Hey All,
So I have a kernel which requires a lot of constants to run. What I’ve been doing is defining and initializing them on the host side (some of them need to be calculated), and then passing them into the kernel when I call it so that I don’t spend calculation time during the execution working them out. I.e. my kernel definition looks like
__global__ void grating(float* d_input_xr, float* d_input_xi, float* d_mode_xr, float* d_mode_xi, double* d_pitchfork_xr, double* d_pitchfork_xi, double* d_out, int width, int height, double sd, double k, double pitch, int width_half, int height_half, int mode_x_half, int mode_y_half, double focal_length, double tar_g, double time, double tar_s, double tar_l, double mode_offsetx, double mode_offsetz, double int_screen_mult, double screen_offsetz, double screen_offsetx, double u, double v, double zero_time)
These variables and elements of the arrays, are all called upon during the execution of the kernel.
What I’m wondering however, is where are these written into in memory? Does the compiler put them in local memory? After reading through the nvidia documentation it seems that local memory can be both off-chip as well as stored in cache or registers.

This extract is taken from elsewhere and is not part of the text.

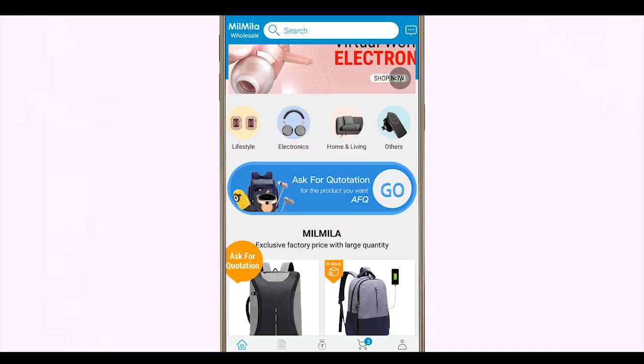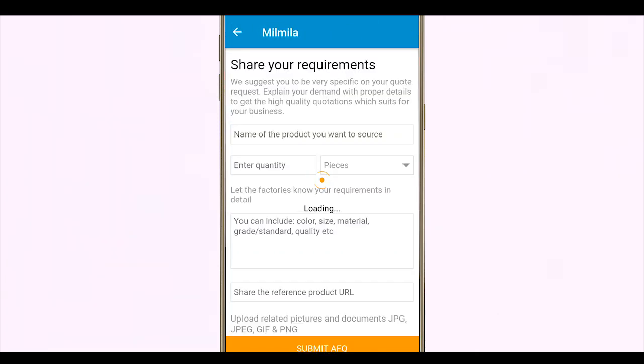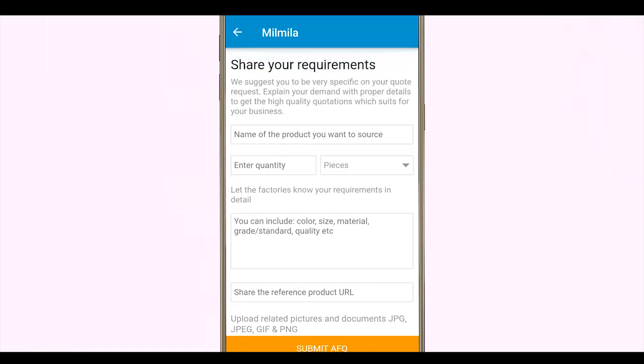Now let's talk about Ask for Quotation, or getting quotations for your product. If you click on the AFQ, you'll be given a form where you'll be asked to give a few details related to your product. You need to mention the name of the product, the quantity you want, and then a description of the product like color, size, material, etc.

I want my kernel to be able to access them as quickly as possible, so I was wondering if maybe instead of calling them in like this, I should perhaps define shared memory variables, and calculate them all in the 1st thread I launch per block, so they’re physically closer to the cores?
I tried using Nsight to actually figure out where the compiler was putting them, but I wasn’t able to understand it – best I could come up with was that some of them were listed as type “local double”, others as type “double” and yet others as type “parameter int.”
In any case, any advice on how to handle the glut of constants I need would be much appreciated.